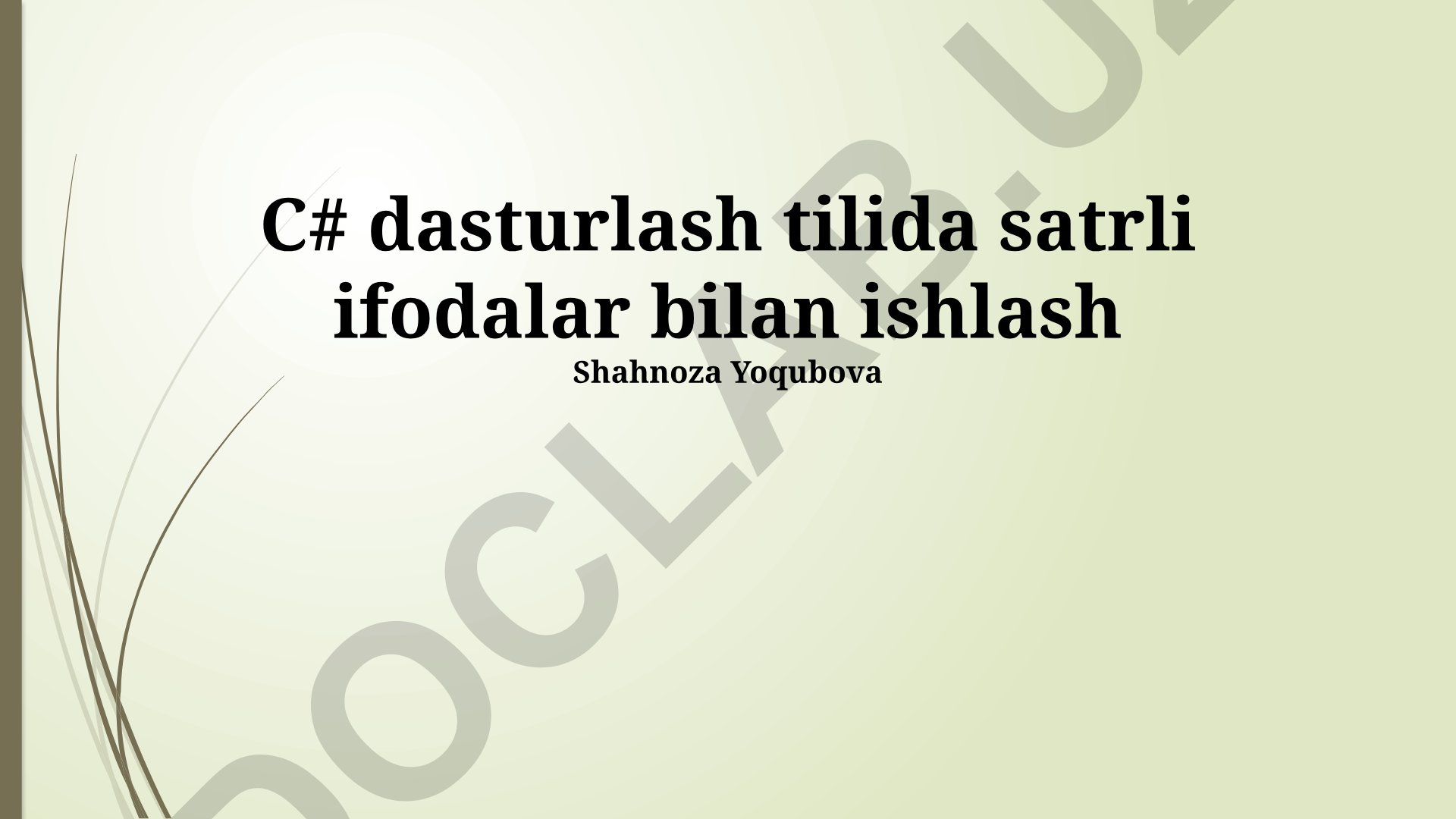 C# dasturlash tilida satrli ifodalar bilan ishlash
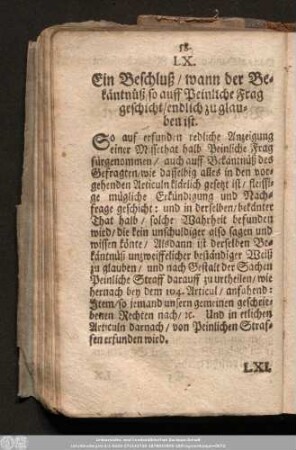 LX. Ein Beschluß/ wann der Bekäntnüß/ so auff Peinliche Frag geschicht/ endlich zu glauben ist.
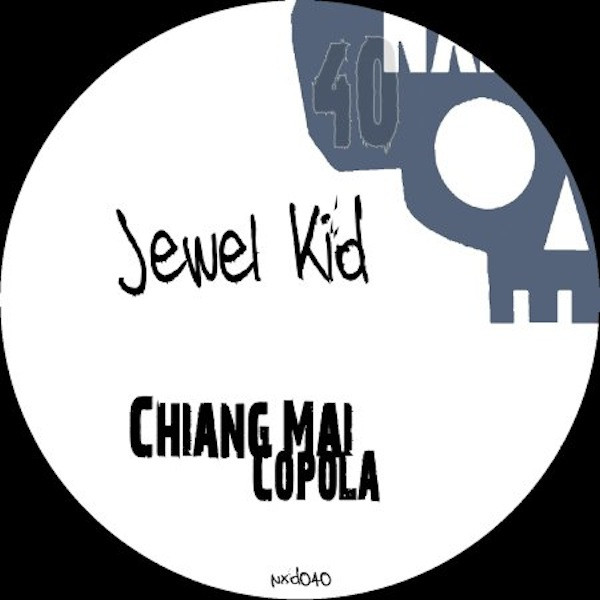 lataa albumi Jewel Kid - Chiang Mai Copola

* **PROBLEM**:
Return all material verbatim, pictures omitted.

* **REPLY**:
 C# dasturlash tilida satrli ifodalar bilan ishlash
 LX. Ein Beschluß/ wann der Bekäntnüß/ so auff Peinliche Frag geschicht/ endlich zu glauben ist.
 lataa albumi Jewel Kid - Chiang Mai Copola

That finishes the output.